Five and a half years after taking over the helm at the Vancouver, Canada, yoga wear brand, Day will step down once a replacement is found, Lululemon said in a statement Monday.
Board members formed a search committee to find Day’s successor but decided to announce her departure to ensure “a healthy transition period,” the company said.
The so-called Pantsgate scandal, in which Lululemon pulled all of its black yoga bottoms in March after deeming the luon fabric to be too thin, claimed Chief Product Officer Sheree Waterson’s job in April.
The company said last week that it is restocking the pants this month, this time with “more fabric across the bum so it’s not stretched from the get-go.”
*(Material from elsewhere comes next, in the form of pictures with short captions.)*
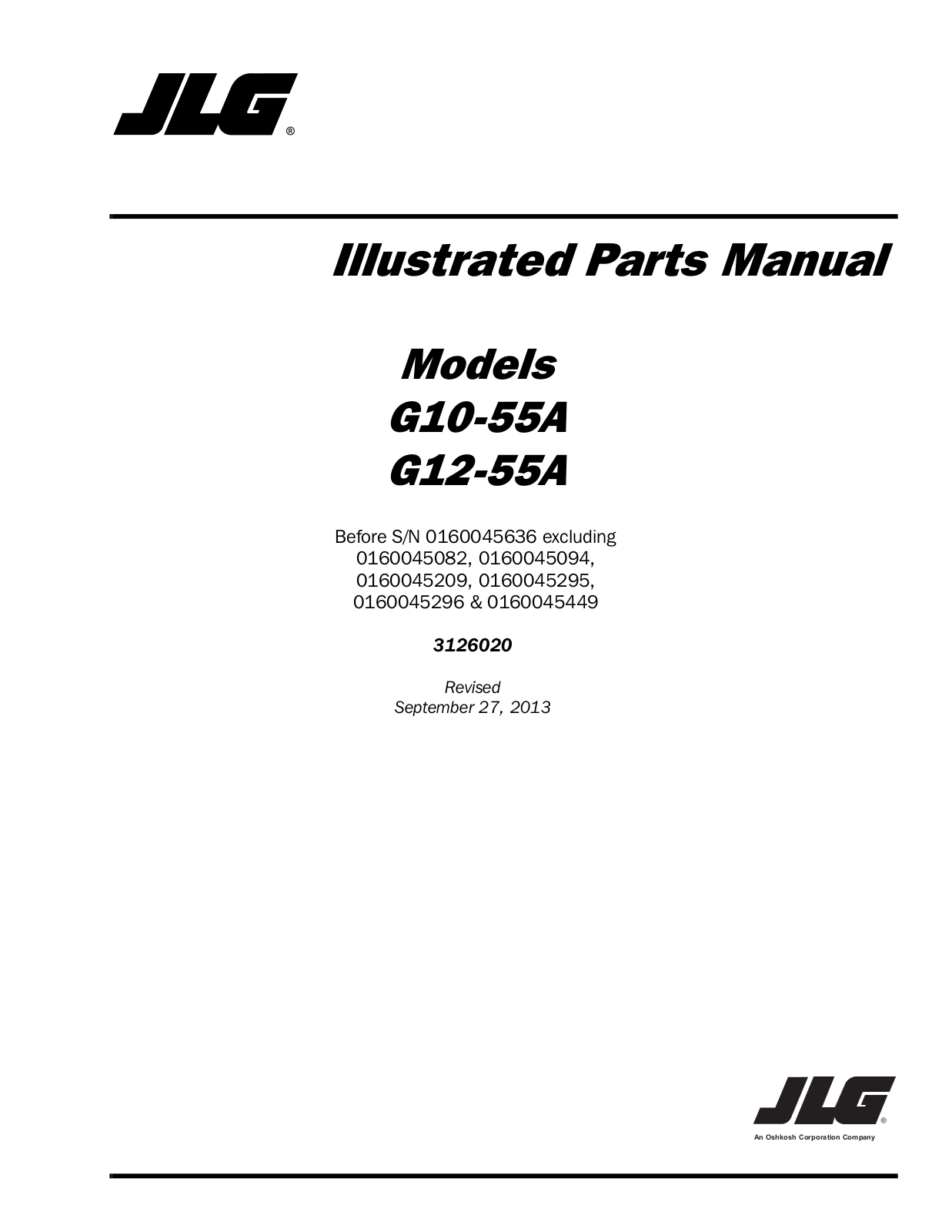 JLG G12-55A Parts Manual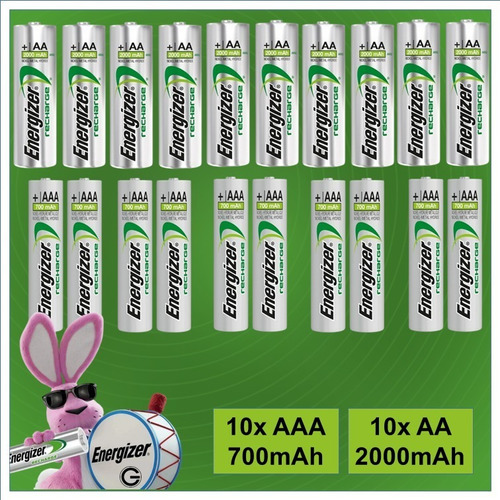 Pila Aa Aaa Energizer Recargables 10 Aa + 10 Aaa Precargada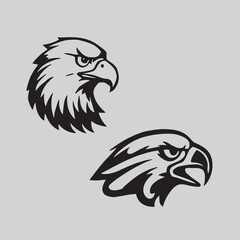 2 Eagle icon head vector style with white background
The apparel accounted for 17% of the company’s sales, Lululemon said during the initial recall. The bottoms have since been “reengineered” to offer more coverage, the company said.
The brand also said Monday that it is plans to delist from the Toronto Stock Exchange at the close of trading June 24. The low trading volume of its shares “no longer justifies the expenses and administrative efforts associated” with maintaining the listing, the company said.
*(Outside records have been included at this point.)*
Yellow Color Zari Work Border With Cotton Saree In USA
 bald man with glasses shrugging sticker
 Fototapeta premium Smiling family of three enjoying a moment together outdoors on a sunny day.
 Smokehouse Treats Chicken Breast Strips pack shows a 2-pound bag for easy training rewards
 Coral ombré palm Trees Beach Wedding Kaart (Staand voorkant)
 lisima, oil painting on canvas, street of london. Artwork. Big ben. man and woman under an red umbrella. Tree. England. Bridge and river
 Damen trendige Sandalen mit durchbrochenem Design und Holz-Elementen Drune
Lululemon also trades on Nasdaq.
The apparel seller reported earnings Monday for its fiscal first quarter ended May 5. Net income rose slightly to $47.3 million, or 32 cents a share, from $46.6 million, or 32 cents, during the same period a year earlier.
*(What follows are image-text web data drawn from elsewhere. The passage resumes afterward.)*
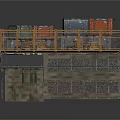 Industrial Platform Structure With Colored Crates Yellow Railings Circular Equipment And Stone Base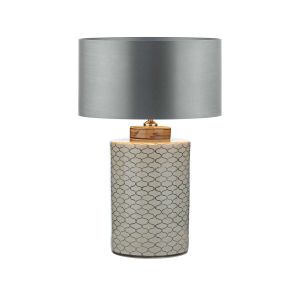 Paxton 1 Light E27 Table Lamp Ccrain With Brown With Inline Switch C/W Hilda Grey Faux Silk 40cm Drum Shade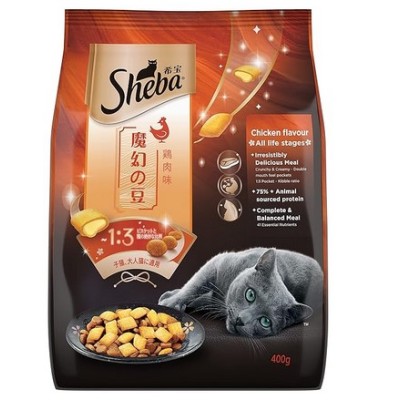 SHEBA KITTEN AND ADULT  CAT FOOD CHICKEN FLAVOUR 400G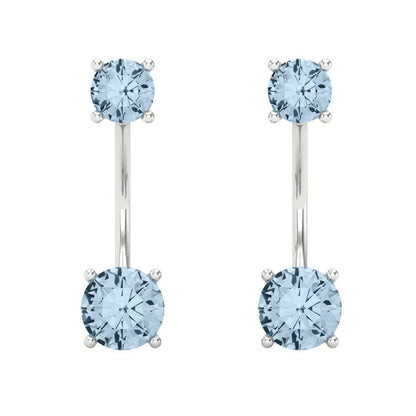 3cttw Aquamarine Gold-Plated 925 Silver Screw Back Stud Earrings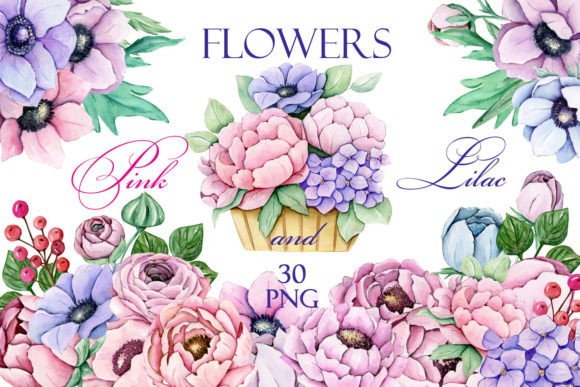 Download Pink and Blue Flowers PNG, Bouquets - Png Collection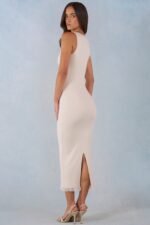 Modal Lace-Trim Midaxi Dress in Ivory - Image 2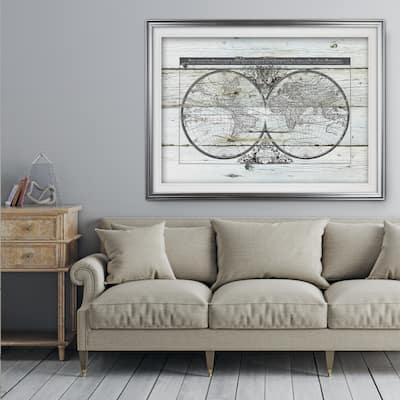 World Map Hemispheres - Premium Framed Print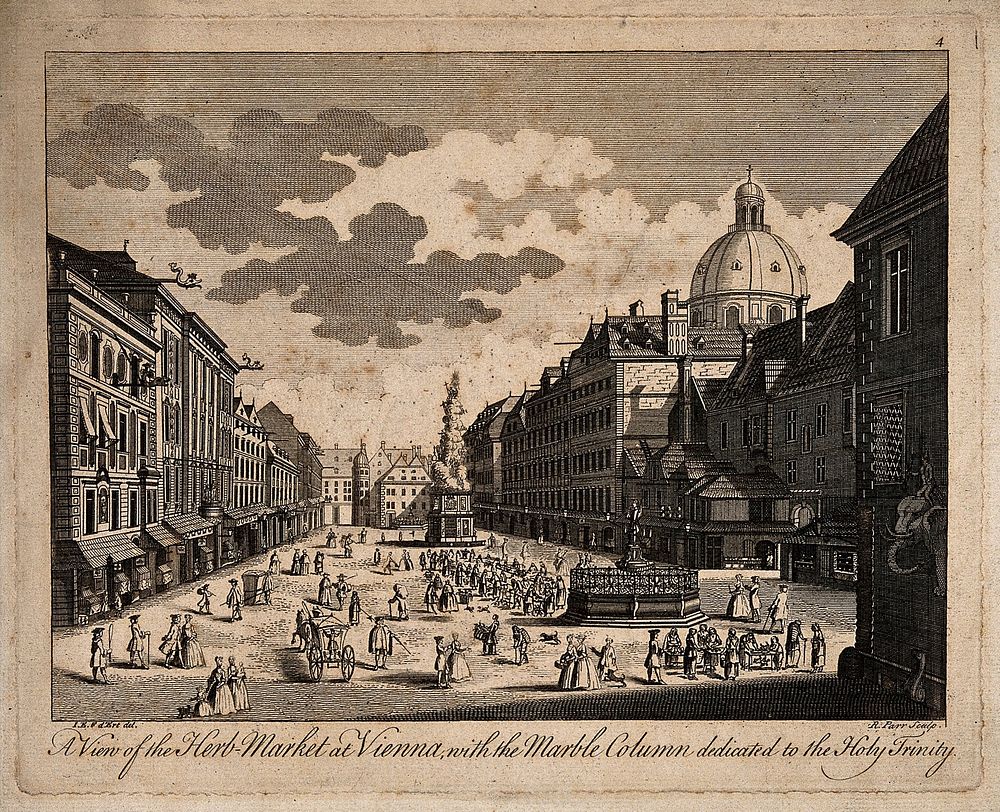 Herb-market and Holy Trinity Column, Vienna, Austria: panoramic view. Engraving by R. Parr after J.E.F. van Ert.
Sales were up 21% to $345.8 million, while same-store sales at locations open at least a year rose 7%.
The company said it expects second-quarter revenue of $340 million to $345 million and earnings per share of 33 cents to 35 cents.
Lululemon made its announcements after markets closed. Its shares closed up 85 cents, or 1%, at $82.28, but tumbled nearly 13% in after-hours trading not long after the disclosures.